:: Stored data ::
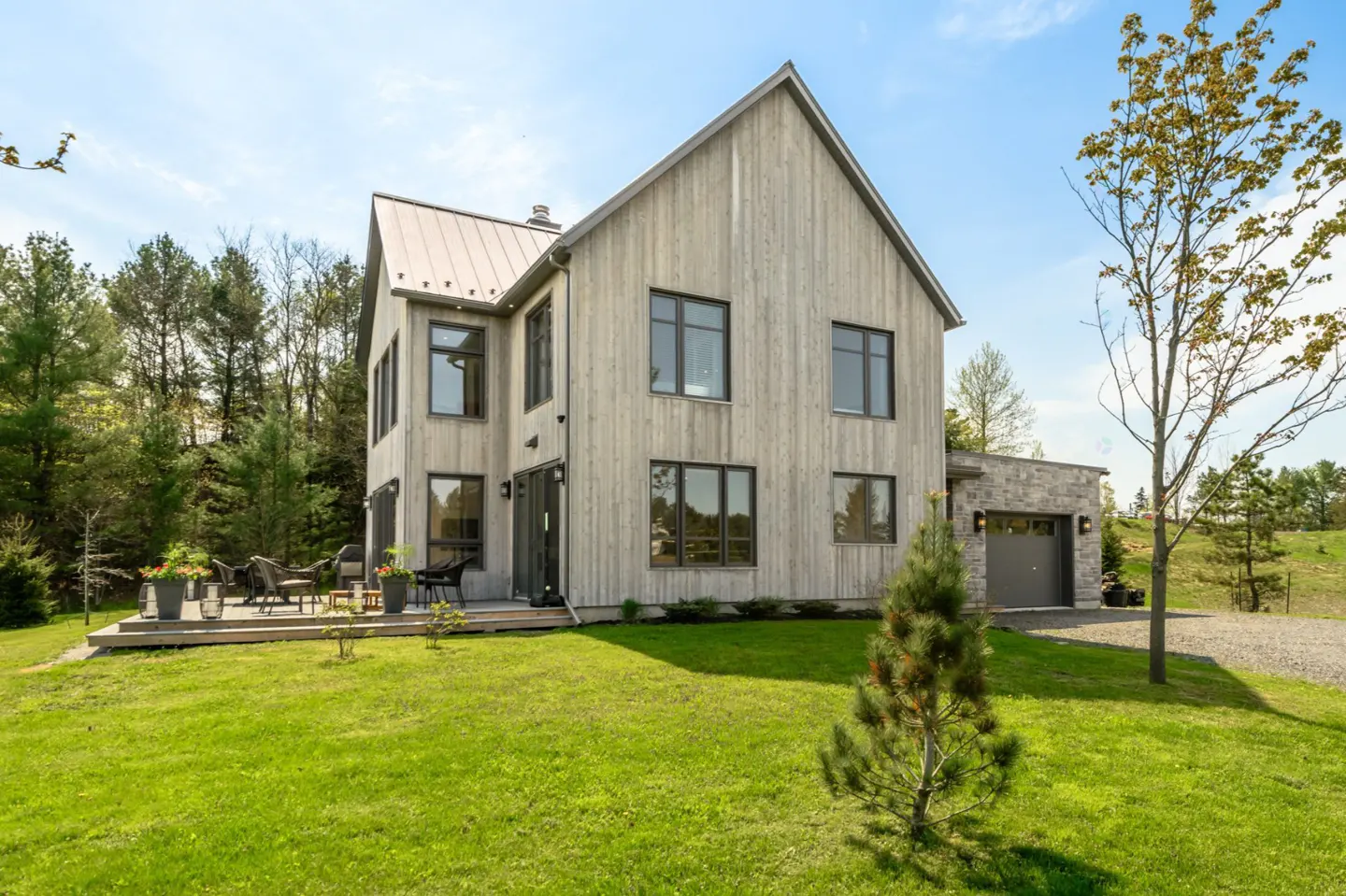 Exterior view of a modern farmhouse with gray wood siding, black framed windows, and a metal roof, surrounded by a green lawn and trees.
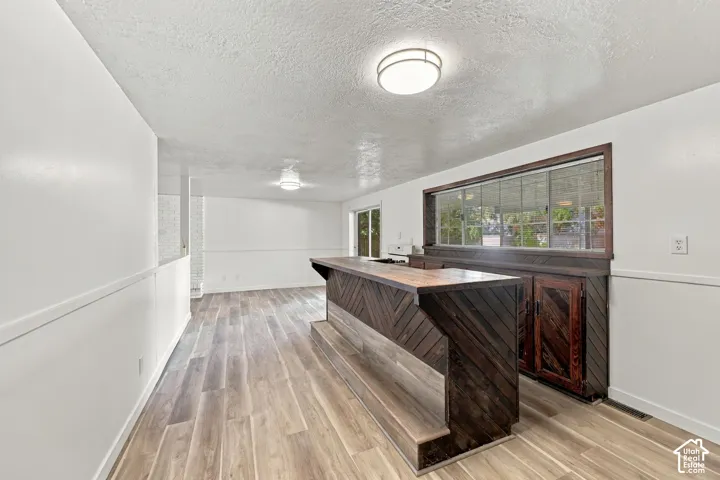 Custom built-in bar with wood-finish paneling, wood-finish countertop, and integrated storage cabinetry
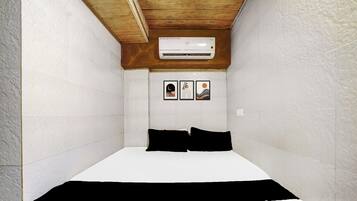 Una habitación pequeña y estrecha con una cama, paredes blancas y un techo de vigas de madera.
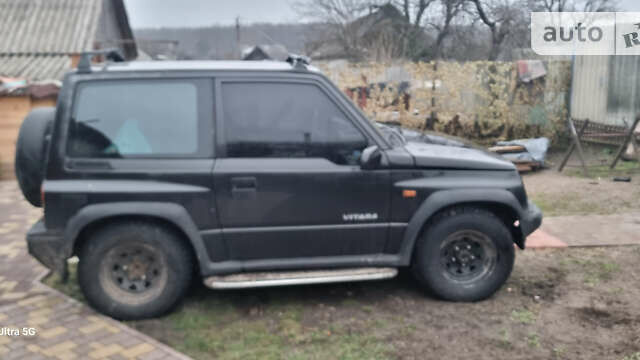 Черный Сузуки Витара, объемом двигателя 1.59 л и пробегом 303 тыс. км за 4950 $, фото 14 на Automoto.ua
:::
:: Stored data ::
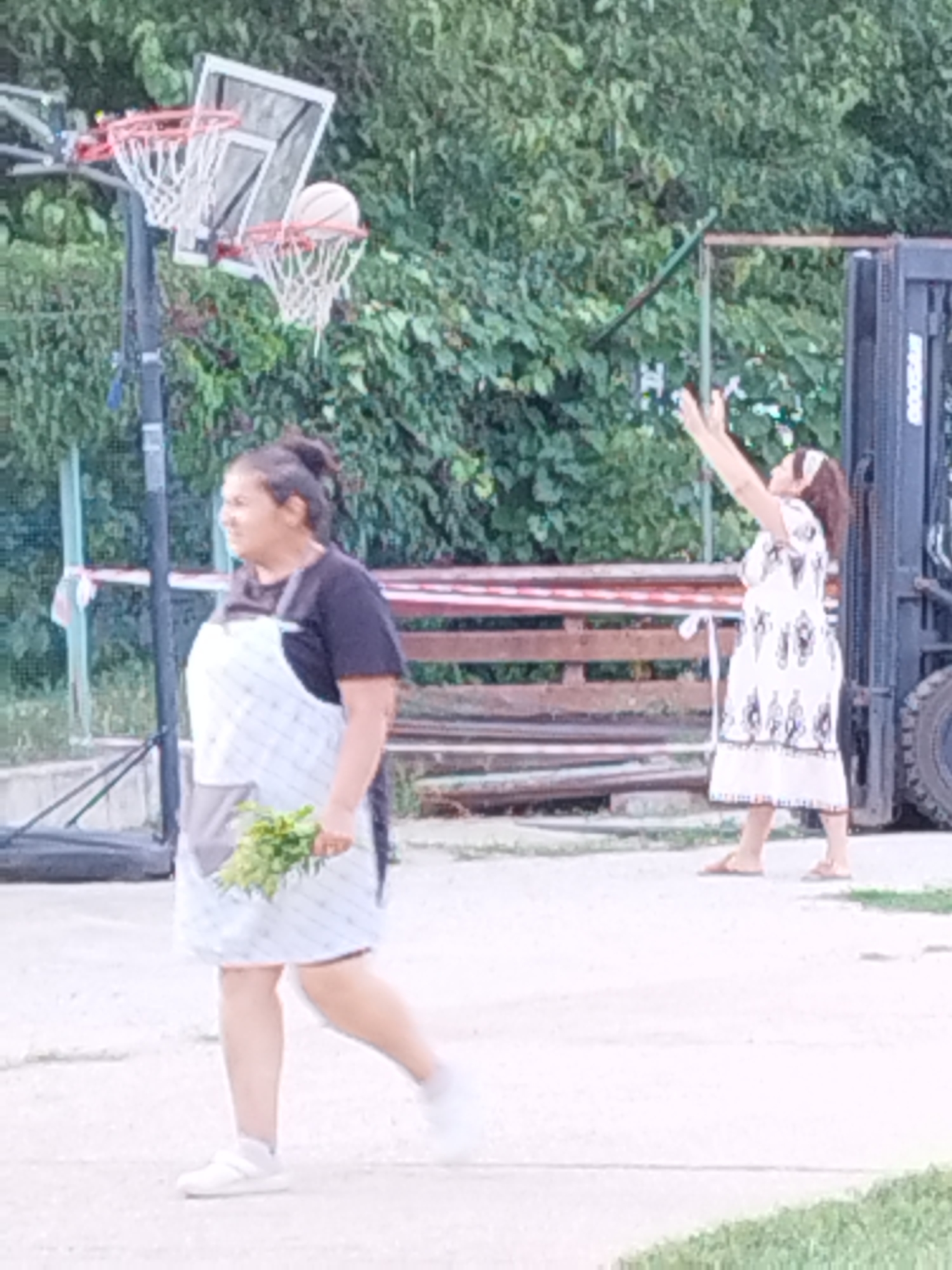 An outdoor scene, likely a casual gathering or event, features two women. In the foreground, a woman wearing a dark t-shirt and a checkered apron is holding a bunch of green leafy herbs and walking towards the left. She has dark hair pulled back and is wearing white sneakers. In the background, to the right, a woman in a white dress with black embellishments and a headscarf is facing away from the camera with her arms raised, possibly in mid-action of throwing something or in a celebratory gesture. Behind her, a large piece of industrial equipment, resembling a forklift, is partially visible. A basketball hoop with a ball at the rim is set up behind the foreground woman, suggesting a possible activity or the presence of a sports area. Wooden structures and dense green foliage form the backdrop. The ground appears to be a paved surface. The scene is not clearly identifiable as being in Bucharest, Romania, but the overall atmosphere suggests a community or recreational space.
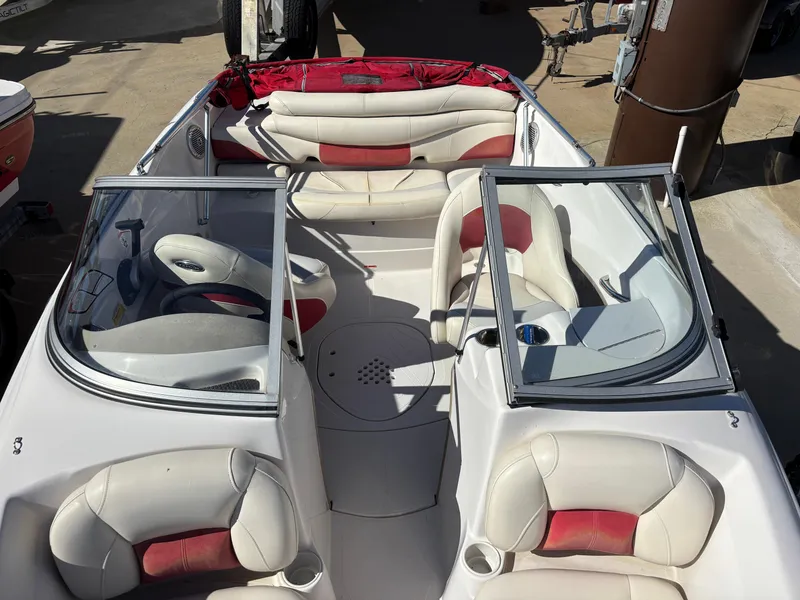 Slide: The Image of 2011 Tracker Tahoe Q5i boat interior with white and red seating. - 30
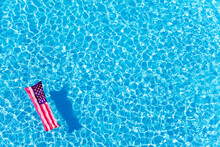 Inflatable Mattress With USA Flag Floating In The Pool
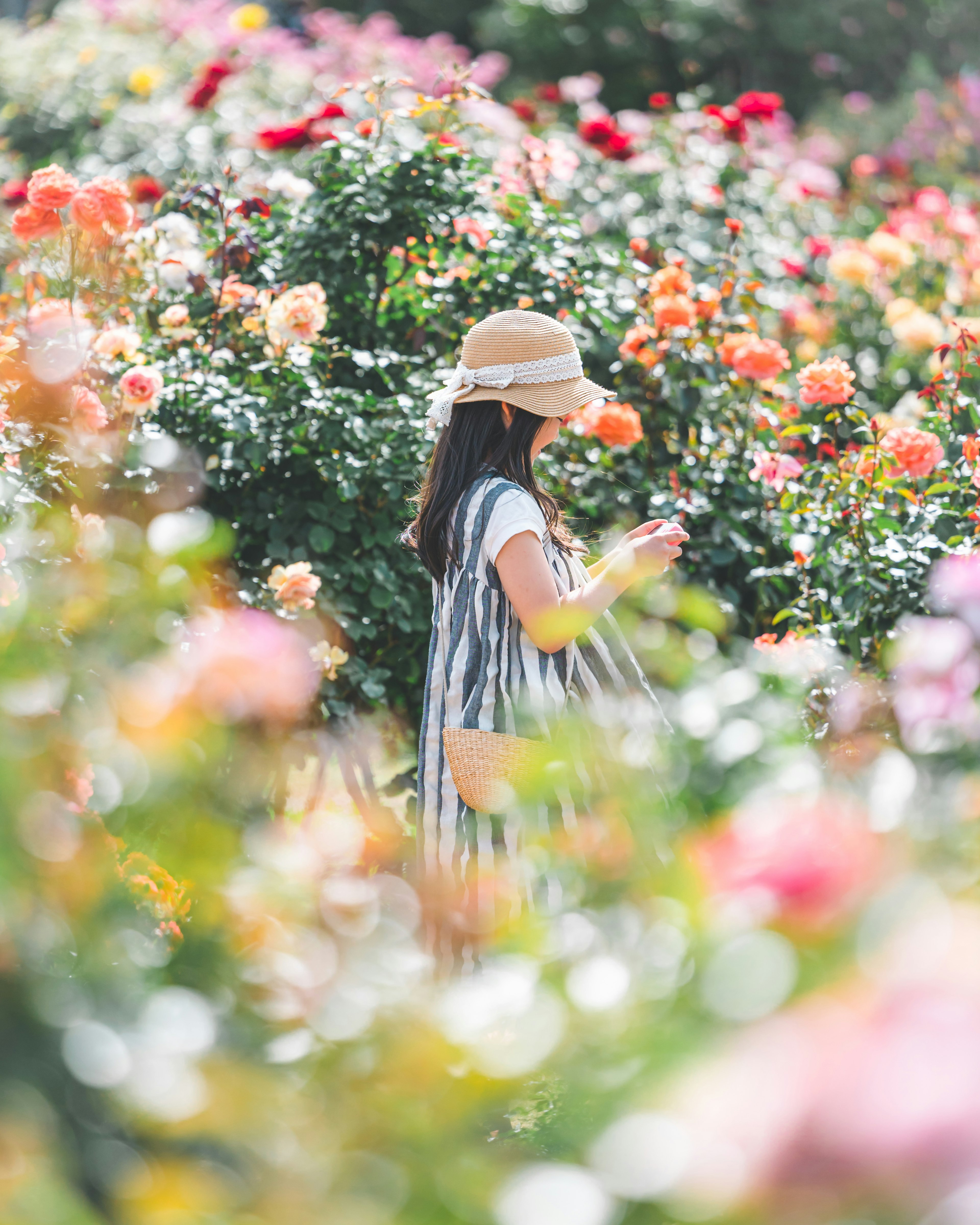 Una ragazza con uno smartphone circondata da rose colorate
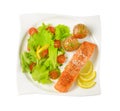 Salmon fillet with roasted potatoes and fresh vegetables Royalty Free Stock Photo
:::
**Directions:** Write back the stretch of lines above that begins with the line holding "Exterior view of" and ends with the line holding "Черный Сузуки Витара, объемом", both included, exactly as written. Pictures stay out.

**Finished exercise:**
 Exterior view of a modern farmhouse with gray wood siding, black framed windows, and a metal roof, surrounded by a green lawn and trees.
 Custom built-in bar with wood-finish paneling, wood-finish countertop, and integrated storage cabinetry
 Una habitación pequeña y estrecha con una cama, paredes blancas y un techo de vigas de madera.
 Черный Сузуки Витара, объемом двигателя 1.59 л и пробегом 303 тыс. км за 4950 $, фото 14 на Automoto.ua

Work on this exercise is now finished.